Rio - Criado no Méier e morador de Laranjeiras, o engenheiro Flávio Torres, de 60 anos, atravessa a cidade todo ano com um grupo de 15 amigos para curtir o Carnaval na Intendente Magalhães, no Campinho. A 22 quilômetros do luxo da Sapucaí, já viu muitas cenas curiosas. "Lembro que uma vez só tinha uma baiana representando a ala toda em uma escola", conta. No corre-corre da concentração, muitas vezes sem gente suficiente para desfilar, homens acabam colocando vestidos rodados para representar as bravas nordestinas. "Só não pode deixar a barba à mostra!", ressalta o rodoviário Bruno Surcin, 29, que mora na Vila Valqueire e frequenta a folia no bairro vizinho há 7 anos.
De um lado da rua, a atmosfera cinza do trânsito abre alas para alegorias e fantasias coloridas. Buzinas e motores dão lugar à batucada.

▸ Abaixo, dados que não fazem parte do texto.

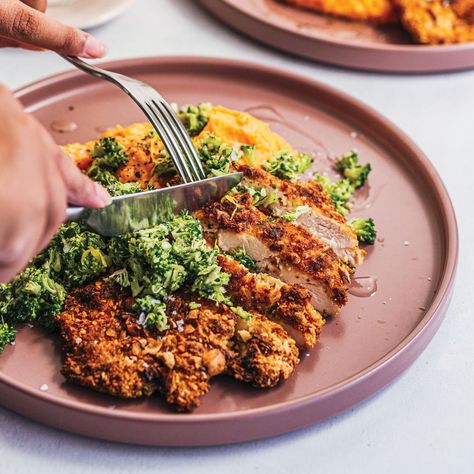 Hazelnut crusted chicken with broccoli gremolata recipe - Spinneys UAE Hazelnut Crusted Chicken, Hazelnut Chicken, Gremolata Recipe, Chicken With Broccoli, Bacon Sausage, Frozen Seafood, Midweek Meals, Butter Spread, Crusted Chicken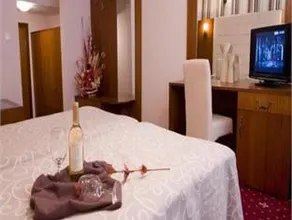 Arena Tarnovo Hotel -Free Private Parking - Image 4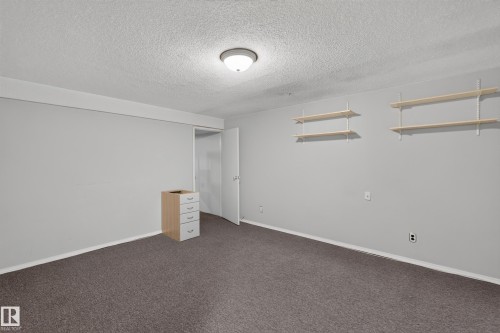 Empty room - 178 Tudor Lane, Edmonton, AB 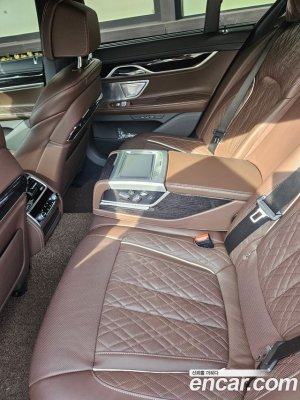 BMW 7-Series 740d xDrive M Sport 2020 года из Южной Кореи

De outro, cariocas e turistas, moradores da Zona Sul à Zona Norte, jovens e idosos comem, bebem, cantam e sambam, juntos, em volta de barraquinhas de churrasquinho, hambúrguer e cachorro-quente. Ninguém paga para brincar. Palco da festa do povo há 13 anos, a Estrada Intendente Magalhães entre os números 116 e 270 reúne cerca de 200 mil foliões em cinco dias de desfiles.
De sábado a terça de Carnaval e no sábado seguinte, das 20h até o sol raiar, pelo menos 56 escolas dos grupos de acesso B, C, D e E cruzarão os 380 metros da passarela em busca do mesmo sonho: escalar rumo ao estrelato na Sapucaí. Mais de 100 famílias que moram no Conjunto Residencial Waldemar Rodrigues da Silva têm camarote privilegiado. A maioria espera ansiosamente fevereiro chegar e curte a folia em cadeiras de praia.
Desde que se mudou para a Intendente, há 11 anos, a professora de Educação Física, Maria Isabel Salvado, 35, desfila todos os anos em três, quatro, cinco escolas. Até na última semana de gravidez do Miguel, de 6 anos, não abriu mão da folia. "Perdemos as contas de em quantas escolas a gente desfila, porque estão sempre precisando completar as alas. A gente prende o chinelo na cintura, bota a roupa ali mesmo e vai". A letra do samba, aprendem na hora.
A simplicidade acolhedora não distingue rainhas e súditos. Até o ano passado as musas trocavam de roupa no meio da rua. Em 2018, a Tradição vai ceder um camarim para a equipe da empresária Clara Cruz, que mora no mesmo condomínio que Isabel, aprontar as beldades com preços camaradas. Musa da São Clemente e da Renascer, Egili Oliveira, 35, estreia este ano na Intendente como rainha de bateria da Mocidade Unida do Santa Marta. "Não importa se é no Grupo de Acesso ou Especial. O Carnaval é para o povo", diz a mulata. E é para o povo mesmo. Das arquibancadas, a galera pode descer e desfilar na sua escola. Como em 2008, quando cerca de 150 moradores do Jacaré seguiram a Unidos do Jacarezinho entoando o samba.